> [Work instructions] Output should begin at the line holding "Vinicius ăn ý với Rayan. Ảnh: CONMEBOL" and end at the last line of the entries; print those lines verbatim and no others.

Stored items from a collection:
%%

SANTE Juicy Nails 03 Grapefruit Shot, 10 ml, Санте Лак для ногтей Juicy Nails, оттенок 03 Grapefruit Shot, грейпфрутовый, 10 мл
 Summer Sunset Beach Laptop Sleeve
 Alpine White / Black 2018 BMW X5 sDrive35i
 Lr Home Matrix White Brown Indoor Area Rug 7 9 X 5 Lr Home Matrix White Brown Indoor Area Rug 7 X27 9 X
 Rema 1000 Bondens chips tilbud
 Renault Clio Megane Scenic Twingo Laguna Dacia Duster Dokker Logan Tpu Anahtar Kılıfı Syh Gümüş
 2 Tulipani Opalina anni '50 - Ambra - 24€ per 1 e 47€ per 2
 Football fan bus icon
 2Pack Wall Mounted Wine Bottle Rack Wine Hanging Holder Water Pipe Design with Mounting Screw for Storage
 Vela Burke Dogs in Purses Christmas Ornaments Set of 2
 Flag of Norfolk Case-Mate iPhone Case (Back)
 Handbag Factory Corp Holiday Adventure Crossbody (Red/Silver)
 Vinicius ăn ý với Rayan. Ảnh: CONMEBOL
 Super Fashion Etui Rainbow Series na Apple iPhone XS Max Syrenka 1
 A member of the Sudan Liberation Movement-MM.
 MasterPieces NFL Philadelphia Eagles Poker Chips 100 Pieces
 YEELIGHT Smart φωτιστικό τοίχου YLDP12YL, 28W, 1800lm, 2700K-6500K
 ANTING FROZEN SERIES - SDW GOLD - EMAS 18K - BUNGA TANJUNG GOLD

%%

> [Output for this exercise]
 Vinicius ăn ý với Rayan. Ảnh: CONMEBOL
 Super Fashion Etui Rainbow Series na Apple iPhone XS Max Syrenka 1
 A member of the Sudan Liberation Movement-MM.
 MasterPieces NFL Philadelphia Eagles Poker Chips 100 Pieces
 YEELIGHT Smart φωτιστικό τοίχου YLDP12YL, 28W, 1800lm, 2700K-6500K
 ANTING FROZEN SERIES - SDW GOLD - EMAS 18K - BUNGA TANJUNG GOLD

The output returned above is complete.